For months I happily Zentangled away on countless squares drawn in my sketchbooks, until one day I began doodling around the square's edges, and beyond them, until I was filling the entire page around my Zentangle with more doodles. Once I crossed the boundaries I suspected I was committing some form of doodling heresy, but it felt right to grow in that direction (I've never been content to color inside the lines for long anyway.)
When I saw Zen Doodle ~ Tons of Tangles, this lovely doodling art book edited by Tonia Jenny and Amy Jones, I thought it would be more of the same squares and fill-in-the-spaces. Once I began thumbing through it I was pleasantly startled to find a collection of gorgeous works by artists who regularly step outside the square to explore the universe of doodling possibility. Some are inspired by nature, online challenges, and even mehndi (the custom of using henna to stain designs onto skin.)

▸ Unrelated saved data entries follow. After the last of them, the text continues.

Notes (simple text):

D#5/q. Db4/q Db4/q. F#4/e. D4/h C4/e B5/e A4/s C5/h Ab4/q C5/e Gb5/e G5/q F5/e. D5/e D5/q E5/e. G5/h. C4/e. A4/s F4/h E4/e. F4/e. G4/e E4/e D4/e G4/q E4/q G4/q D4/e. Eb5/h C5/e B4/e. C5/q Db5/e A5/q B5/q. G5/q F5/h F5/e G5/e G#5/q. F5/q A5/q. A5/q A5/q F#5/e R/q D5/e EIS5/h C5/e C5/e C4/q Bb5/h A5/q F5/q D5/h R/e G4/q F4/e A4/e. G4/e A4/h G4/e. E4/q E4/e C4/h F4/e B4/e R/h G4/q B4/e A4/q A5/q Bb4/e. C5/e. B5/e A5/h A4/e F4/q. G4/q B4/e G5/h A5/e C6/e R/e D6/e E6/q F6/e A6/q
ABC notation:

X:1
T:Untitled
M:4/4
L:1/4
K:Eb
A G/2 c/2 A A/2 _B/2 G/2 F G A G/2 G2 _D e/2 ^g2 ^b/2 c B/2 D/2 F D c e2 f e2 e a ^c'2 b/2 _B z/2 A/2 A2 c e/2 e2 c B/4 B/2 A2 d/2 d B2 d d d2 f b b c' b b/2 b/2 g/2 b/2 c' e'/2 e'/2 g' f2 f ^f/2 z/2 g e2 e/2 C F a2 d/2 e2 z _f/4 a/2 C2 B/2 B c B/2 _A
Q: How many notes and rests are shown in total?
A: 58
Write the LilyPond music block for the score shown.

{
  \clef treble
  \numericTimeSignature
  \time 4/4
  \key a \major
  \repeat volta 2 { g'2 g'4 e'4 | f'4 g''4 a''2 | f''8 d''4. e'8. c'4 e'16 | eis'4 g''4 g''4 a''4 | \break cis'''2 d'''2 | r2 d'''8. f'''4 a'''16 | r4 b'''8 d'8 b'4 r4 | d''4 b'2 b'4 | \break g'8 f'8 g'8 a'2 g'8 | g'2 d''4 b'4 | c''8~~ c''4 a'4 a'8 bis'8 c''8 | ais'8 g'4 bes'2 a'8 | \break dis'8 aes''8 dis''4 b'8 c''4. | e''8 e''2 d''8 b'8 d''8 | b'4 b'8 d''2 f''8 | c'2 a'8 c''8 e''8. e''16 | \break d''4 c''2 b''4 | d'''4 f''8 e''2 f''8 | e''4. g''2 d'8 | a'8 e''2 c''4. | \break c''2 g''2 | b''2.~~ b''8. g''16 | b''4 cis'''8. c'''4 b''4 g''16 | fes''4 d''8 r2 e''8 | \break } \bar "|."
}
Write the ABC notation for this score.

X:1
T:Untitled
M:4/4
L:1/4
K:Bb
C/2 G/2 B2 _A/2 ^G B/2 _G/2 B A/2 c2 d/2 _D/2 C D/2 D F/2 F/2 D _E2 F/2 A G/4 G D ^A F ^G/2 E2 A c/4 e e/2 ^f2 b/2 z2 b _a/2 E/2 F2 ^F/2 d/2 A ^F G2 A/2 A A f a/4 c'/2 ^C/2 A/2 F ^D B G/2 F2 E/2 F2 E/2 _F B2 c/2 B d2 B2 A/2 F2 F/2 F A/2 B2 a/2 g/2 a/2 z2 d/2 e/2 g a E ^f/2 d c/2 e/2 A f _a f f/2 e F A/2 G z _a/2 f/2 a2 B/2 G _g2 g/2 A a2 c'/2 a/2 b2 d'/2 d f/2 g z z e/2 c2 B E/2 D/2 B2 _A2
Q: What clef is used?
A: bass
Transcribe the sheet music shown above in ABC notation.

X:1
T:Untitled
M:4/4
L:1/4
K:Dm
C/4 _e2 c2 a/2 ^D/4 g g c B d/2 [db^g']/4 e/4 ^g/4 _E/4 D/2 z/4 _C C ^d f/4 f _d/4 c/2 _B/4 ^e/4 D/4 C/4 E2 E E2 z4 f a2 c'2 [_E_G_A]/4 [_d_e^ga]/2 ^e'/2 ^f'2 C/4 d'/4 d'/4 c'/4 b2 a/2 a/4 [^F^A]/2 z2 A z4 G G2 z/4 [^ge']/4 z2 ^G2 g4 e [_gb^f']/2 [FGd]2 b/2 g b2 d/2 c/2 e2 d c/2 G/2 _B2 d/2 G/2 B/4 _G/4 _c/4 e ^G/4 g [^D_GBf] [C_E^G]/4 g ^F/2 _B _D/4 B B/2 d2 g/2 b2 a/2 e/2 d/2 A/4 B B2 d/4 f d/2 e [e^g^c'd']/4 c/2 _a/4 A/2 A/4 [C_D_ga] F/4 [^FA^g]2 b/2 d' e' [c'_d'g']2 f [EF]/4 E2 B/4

There are four sections in the book that cover abstract designs, shapes & objects, animals & beasts, and friendship & love, but other than those themes each artist brings their own vision to doodling. Along with detailed instructions on how to create some of the patterns and linework, and pictured example doodles in various stages of completion, the contributors also talk about their process, what influenced a particular doodle and other aspects of their creativity. Going through this book is a bit like taking a doodling workshop with forty-two different instructors from around the world. I think it's already had a very positive impact on my Zen doodling:
I know to many doodling may seem like a complete waste of time and paper, but you're probably not aware of the benefits. The next time you're on hold with your doctor's office I bet many of you will be drawing tiny 3D boxes on your message pad, or looping a continuous line like a Slinky from one side of an old envelope to the other. You may think you're killing time, but what you're really doing is a form of meditation through the simple beauty of no-stress no-expectation creation -- something I think all of us can use on a regular basis.